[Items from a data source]
+--

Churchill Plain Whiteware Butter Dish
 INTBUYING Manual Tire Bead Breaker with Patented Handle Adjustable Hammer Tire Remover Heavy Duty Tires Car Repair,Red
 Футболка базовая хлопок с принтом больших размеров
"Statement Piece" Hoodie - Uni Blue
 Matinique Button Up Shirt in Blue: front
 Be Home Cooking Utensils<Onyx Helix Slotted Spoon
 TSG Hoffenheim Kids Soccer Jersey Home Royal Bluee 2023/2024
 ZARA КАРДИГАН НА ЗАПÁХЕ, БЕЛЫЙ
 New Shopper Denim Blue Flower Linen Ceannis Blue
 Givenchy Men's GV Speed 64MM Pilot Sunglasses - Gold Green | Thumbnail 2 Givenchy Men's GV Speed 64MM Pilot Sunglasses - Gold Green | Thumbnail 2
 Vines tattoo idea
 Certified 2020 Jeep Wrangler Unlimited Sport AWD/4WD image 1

+--

## WHAT THE TASK ASKS
Print all the entries above. Keep each one exact.

## ANSWER
Churchill Plain Whiteware Butter Dish
 INTBUYING Manual Tire Bead Breaker with Patented Handle Adjustable Hammer Tire Remover Heavy Duty Tires Car Repair,Red
 Футболка базовая хлопок с принтом больших размеров
"Statement Piece" Hoodie - Uni Blue
 Matinique Button Up Shirt in Blue: front
 Be Home Cooking Utensils<Onyx Helix Slotted Spoon
 TSG Hoffenheim Kids Soccer Jersey Home Royal Bluee 2023/2024
 ZARA КАРДИГАН НА ЗАПÁХЕ, БЕЛЫЙ
 New Shopper Denim Blue Flower Linen Ceannis Blue
 Givenchy Men's GV Speed 64MM Pilot Sunglasses - Gold Green | Thumbnail 2 Givenchy Men's GV Speed 64MM Pilot Sunglasses - Gold Green | Thumbnail 2
 Vines tattoo idea
 Certified 2020 Jeep Wrangler Unlimited Sport AWD/4WD image 1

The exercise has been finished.